Por Oscar Domínguez*
Para Firmas Selectas de Prensa Latina
A los 12 años, cuando todavía veía, José Gabriel Cuéllar, utilizaba sus ojos para ver y sí tocar cuanto encontraba a su paso. Era un niño de la calle que se ganaba la vida lavando carros, después de pegar el grito de independencia doméstico.
En un brusco cambio de libreto, por causa de un accidente, los dioses le barajaron distinto, lo hermanaron tempranamente con Homero y Borges, sin los libros, con Ray Charles, sin su voz y su piano… y José Gabriel quedó ciego.
Prefiere la voz ciego en vez de invidente porque una vez que llamo por teléfono a solicitar un empleo y dijo que era de parte del “invidente Gabriel Cuéllar”, le entendieron “el indigente”. Desde entonces decidió llamar las cosas por su nombre.
Hace tiempos no sé de él. Suelo recordar su vida cuando amanezco con el ánimo a la altura del betún. Debería cobrar por reencauchar con su ejemplo espíritus decaídos.
Nunca perdió la sonrisa ni el optimismo que han sido su divisa. Simplemente, José Gabriel cambió vocales y consonantes por el silencioso alfabeto Braille. Se volvió un as del rebusque, un hacha para el ajedrez. Aprendió a jugar fútbol, acariciando el ruido, como los ciegos que habitan los poemas de Juan Manuel Roca. (“Mi madre y yo en la terraza. Y, abajo, los ángeles de la sombra corrían como locos tras del ruido”). Ha sacado tiempo para casarse dos veces. Y no le gustan los números pares.

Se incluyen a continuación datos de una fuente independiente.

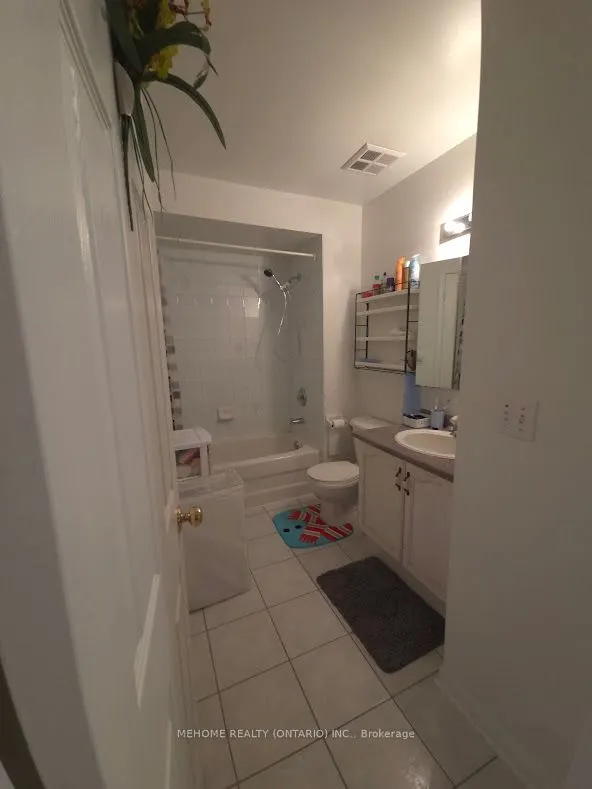15 St Moritz Way S, #6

Cuando desertó de las piedras del fogón casero llevado de sus ansias de libertad, se acomodó en un parqueadero lavando carros en Los Tres Elefantes de La Esperanza, en Bogotá. Aprendió a desvararlos. Una vez se metió debajo de uno de ellos con tan mala fortuna que cuando retiraron el gato después de la reparación, José Gabriel estaba en el lugar equivocado. Nadie sabe cómo no murió aplastado en el episodio. Pero la luz de sus ojos se fue con su música a otra parte.
Los últimos productos que vio fueron deliciosas frutas de la fértil tierra colombiana que empacaba en el Carulla (supermercado) del sector. Quedó viendo esas frutas con el olor del recuerdo. El día que perdió la visión hizo una fortuna en propinas que lo convirtieron en fugaz Bill Gates: 600 pesos.

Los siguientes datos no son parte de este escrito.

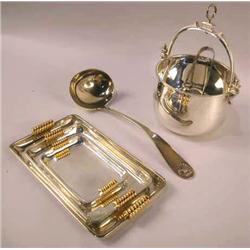 A SELECTION OF STERLING SILVER ITEMS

Este José Gabriel Cuéllar, amigo mío desde cuando sus ojos veían los amaneceres y atardeceres bogotanos, es todo un ejemplo de tenacidad. Recicla periódicos de ayer, de antier, de nunca, que recoge a domicilio. Vende bolsas de basura y encima una clase magistral de reciclaje, siempre a bordo de una sonrisa que no prescribe por más flacas que estén las vacas de su suerte.
Cartuchos de impresora jubilados, encuentran en José Gabriel una segunda oportunidad. Fue auxiliar administrativo en el viceministerio de la juventud y deportes y tuvo camello en el INCI, Instituto Nacional para Ciegos. Recortes presupuestales lo metieron entre las estadísticas del desempleo. Y disputa torneos de ajedrez. Le ha jalado al rebusque dando clases del juego que vino a lomo de cobra de la India.

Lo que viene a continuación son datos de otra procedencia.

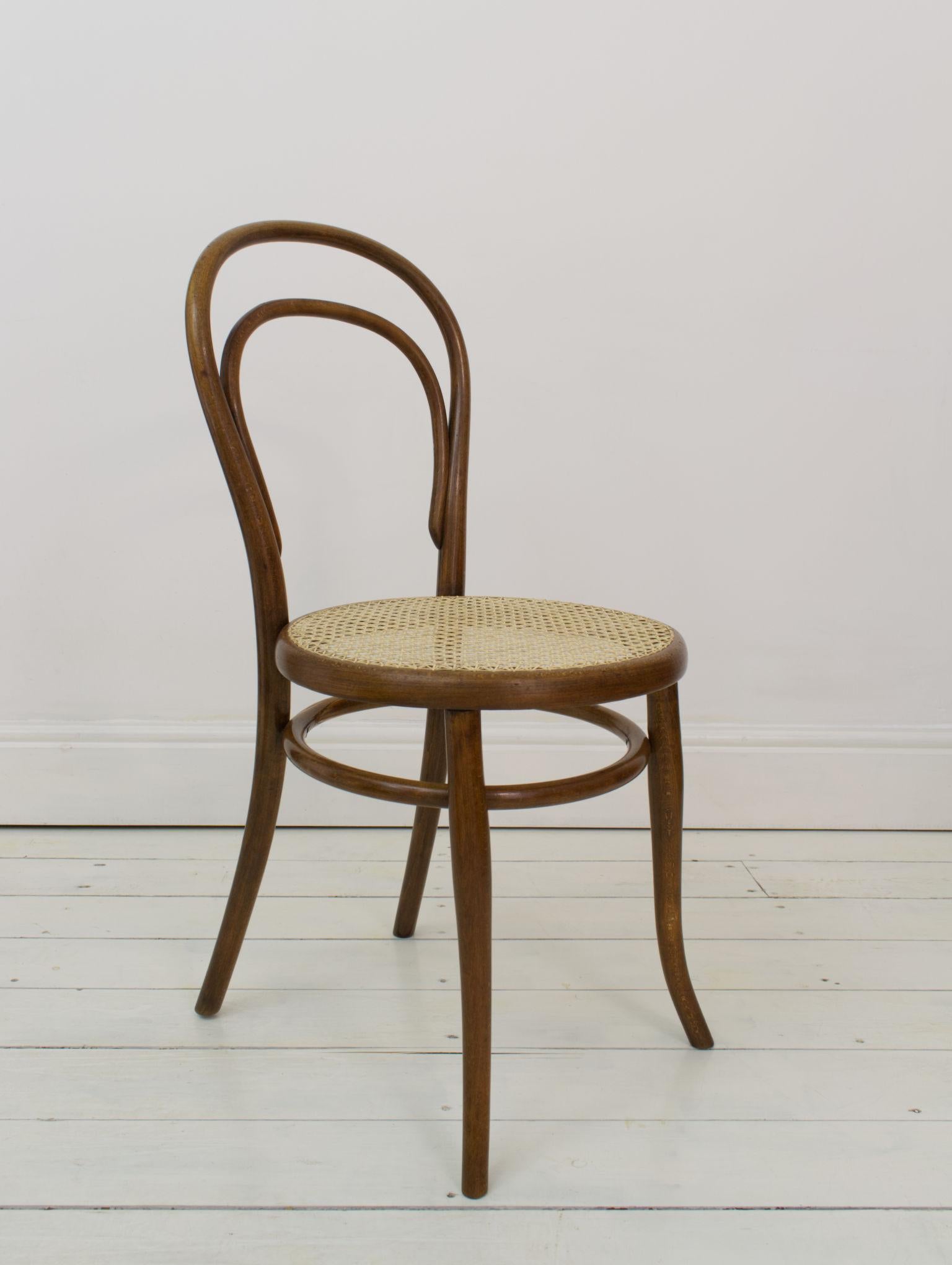 Austrian Pair of Early No. 14 Bentwood Side Chairs, by Michel Thonet, bistro chair, 1890s For Sale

En diciembre suele vender tarjetas navideñas hechas por artistas que volvieron obra de arte sus limitaciones físicas.
José Gabriel ha trabajado como ascensorista y recepcionista en oficinas privadas y públicas de donde le han dicho adiós. Y para redondear la faena, de pronto se coloca de celador en casas en las que también les hace el aseo, una vez se mete la construcción en su disco duro. También cuida obras en construcción. El secreto radica en que los ladrones no se enteren de que un ciego está cuidando la heredad.
Borges celebraba la ironía de Dios que le dio al mismo tiempo los libros y la noche. José Gabriel celebra la ironía de cuidar intereses ajenos “gracias” a su ceguera.
Y cuando el dulce laboral se pone a mordiscos monta guardia y ordeña la solidaridad pública en el semáforo.
Más que ayuda en especie, siempre ha soñado una chanfa con todos los fierros laborales para dejar de saltar matones. La suya es una hoja de vida en busca de empleador.